The masses, encompassing as they do the greatest part of the population, and diverse classes and strata such as the proletariat, part of the petty-bourgeoisie, and part of the lumpenproletariat, and coming from widely scattered localities, having vast differences in background, experience, education, etc., are bound to show many different levels of political consciousness. As many divisions can be made here as suits your purpose: the advanced and the backward; or the very active, those just beginning to move, and the inactive; and so forth. One could list 10 or 20 levels of consciousness, experience and/or activity if one chose. Generally however it has proven most useful to conceptually divide the masses into three parts: the relatively advanced, the intermediate, and the relatively backward. This can be done either with respect to a specific social question or issue (such as people's varying attitudes toward the oppression of women) or in general—that is, with respect to their understanding of their overall situation and class interests and their general revolutionary consciousness. Of course the consciousness of individuals and also of the masses as a whole changes with time as a result of their experiences and the ideological class struggle. Likewise, who we consider to be advanced or backward will also change with the situation.
The fact that the masses are never a uniform, homogeneous "mass" has extremely important implications. It explains both why the mass line is possible and why it is necessary. The mass line is possible because among the masses there are individuals with correct ideas about how to move the revolutionary struggle forward in a given situation. The mass line is necessary because at first only a few people hold correct ideas and these ideas must be collected, identified as correct, and then popularized among the masses as a whole before they can be made effective use of.
If the masses were uniformly advanced, the mass line—and leadership in general—would be unnecessary. If the masses were uniformly backward the mass line would be impossible (and so would revolution). The mass line is based on actual reality, neither idealizing the masses nor belittling them. It recognizes their differences both in overall consciousness and with respect to specific ideas about how to advance the revolutionary struggle, and makes use of the advanced ideas of some of the masses to help educate and lead the masses as a whole.

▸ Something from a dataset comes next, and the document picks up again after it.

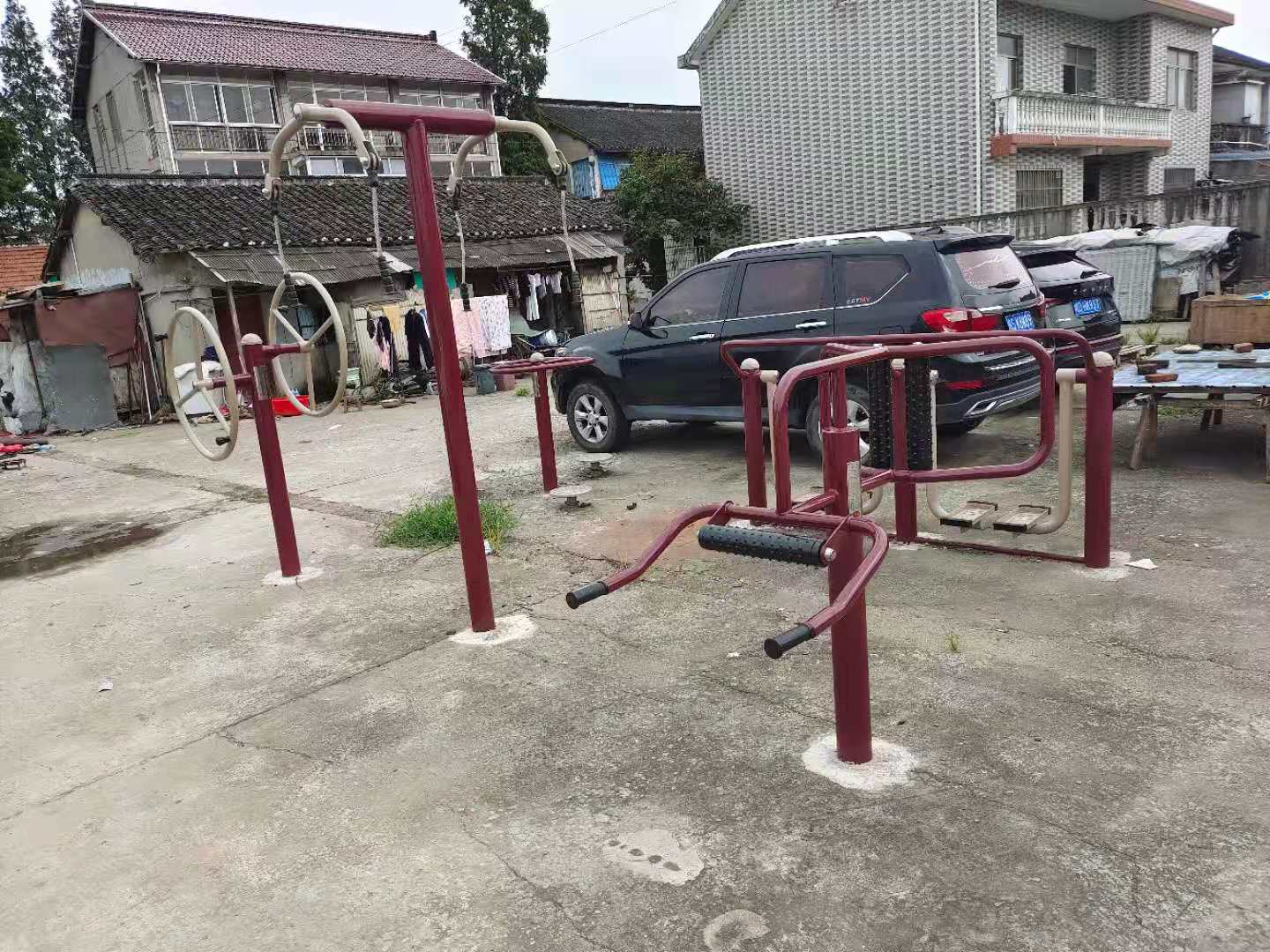 華亭鎮(zhèn)塔橋10隊健身點 華亭鎮(zhèn)塔橋10隊健身點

The fundamental division in society is between the masses and the enemy. Looking at things from this overall point of view, the proletarian party is part of the masses. However, as we have seen, the masses are by no means homogeneous, being composed of some more advanced and more active people, some intermediate, and some relatively backward or inactive. The very most advanced and active will organize themselves into a leading body, the proletarian party. This party plays such an important role in the revolutionary process, and its relationship to the rest of the masses is of such a crucial nature, that it is customary to distinguish the two and reserve the term 'the masses' for the rest of the "masses" other than the proletarian party.
In other words, in addition to the fundamental dichotomy between the masses and the enemy there is a second dichotomy between the masses and the party. This subsidiary distinction is of course of a completely different character: instead of two irreconcilable, antagonistic poles it is a distinction within a single political pole between the most advanced detachment and the rest, between the leadership and the led.